When DVD of Cake arrived, I was questioning what would be movie be about. Well I had somehow have escaped the hype and hoopla over the film during the last award season and hence didn’t really have a clue of the film as such. The DVD cover features an uncharacteristic looking Jeniffer Aniston.
Cake is a movie which deals with the subject of chronic pain and addiction to prescription medicines.
Cake begins with a group therapy where the group discusses the suicide of one of the members, Claire Bennett (Jenifer Aniston) feels that someone who committed suicide was selfish, leaving her husband and child behind. We discover that Claire is a non-working attorney, who is suffering from chronic pain due to an accident.
Claire begins to grow obsessed with the dead Nina (Anna Kendrick) and this collides with a relationship with her husband Roy (Sam Worthington)
Claire is addicted to her pain killers, and for getting these pills she tries possible means, be it by hook or crook. Claire does not seem to have any companion. Her only constant companion is her maid Silvana (Adriana Barraza). Silvana is a part time chauffeur who drives Claire around, Claire for some reason travels in a reclined seat in her minivan, she refuses to sit up.

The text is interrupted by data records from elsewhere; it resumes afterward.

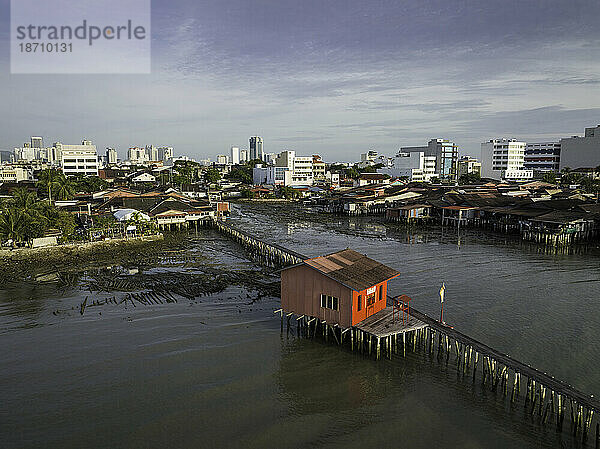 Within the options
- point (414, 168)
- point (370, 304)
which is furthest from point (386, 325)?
point (414, 168)

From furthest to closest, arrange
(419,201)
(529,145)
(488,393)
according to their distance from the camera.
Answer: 1. (529,145)
2. (419,201)
3. (488,393)

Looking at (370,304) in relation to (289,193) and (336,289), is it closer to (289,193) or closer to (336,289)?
(336,289)

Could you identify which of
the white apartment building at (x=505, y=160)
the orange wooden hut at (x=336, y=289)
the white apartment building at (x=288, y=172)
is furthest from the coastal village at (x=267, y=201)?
the orange wooden hut at (x=336, y=289)

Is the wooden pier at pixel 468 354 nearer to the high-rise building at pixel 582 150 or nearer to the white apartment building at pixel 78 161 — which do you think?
the white apartment building at pixel 78 161

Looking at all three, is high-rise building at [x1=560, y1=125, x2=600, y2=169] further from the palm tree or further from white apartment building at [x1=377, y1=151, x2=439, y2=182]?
the palm tree

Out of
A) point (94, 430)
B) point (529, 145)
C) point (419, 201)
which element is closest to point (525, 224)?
point (419, 201)

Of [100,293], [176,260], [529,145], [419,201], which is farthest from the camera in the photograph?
[529,145]

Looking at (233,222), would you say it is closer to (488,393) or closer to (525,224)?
(525,224)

Claire is not a character whom you will like at first. She is acerbic and rude. At first she seems like she is devoid of any positive emotion. Her kinship with a maid is complicated, it vacillates between companionship and master- servant relationship. It is only later on when we know the reason for Claire’s scar and her addiction the audience start to empathise with her character. Claire’s road to recovery is not an easy transition, it is always one step forward, two steps backward scenarios for her.
Jennifer Aniston brings Claire alive to screen wonderfully. Her performance can be compartmentalized into two parts, first that of women who is manipulative, cold and addicted to pain killers. The second part is when we get to know the reason for her breakdown. Jennifer Aniston’s breakdown scene when she visits her son’s room is one of the best scenes in the film. Hopefully Jennifer will get to prove her caliber as an actress with more and more roles outside her comfort zone.
The DVD of The Cake comes in a plastic case. The 2.40:1 transfer is good. The picture quality is sharp with good shadow detailing. The Dolby Digital sound is effective, with audible dialogues even at low volume.
The Many Layers of Cake Learning to live again– This extra feature narrates the story of stuntwoman Stacy Courtney, who had recovered from accident and chronic pain.
The Icing on the Cake: Meet the Cast – This is the usual feature where cast talks about how it was great working on this film, most of it is centred on Jennifer Aniston.
Overall, do give The Cake a chance, even though it is a let down by the director Daniel Barnz. Jennifer gives one of the best performances of her career and that alone makes it a lazy Sunday watch.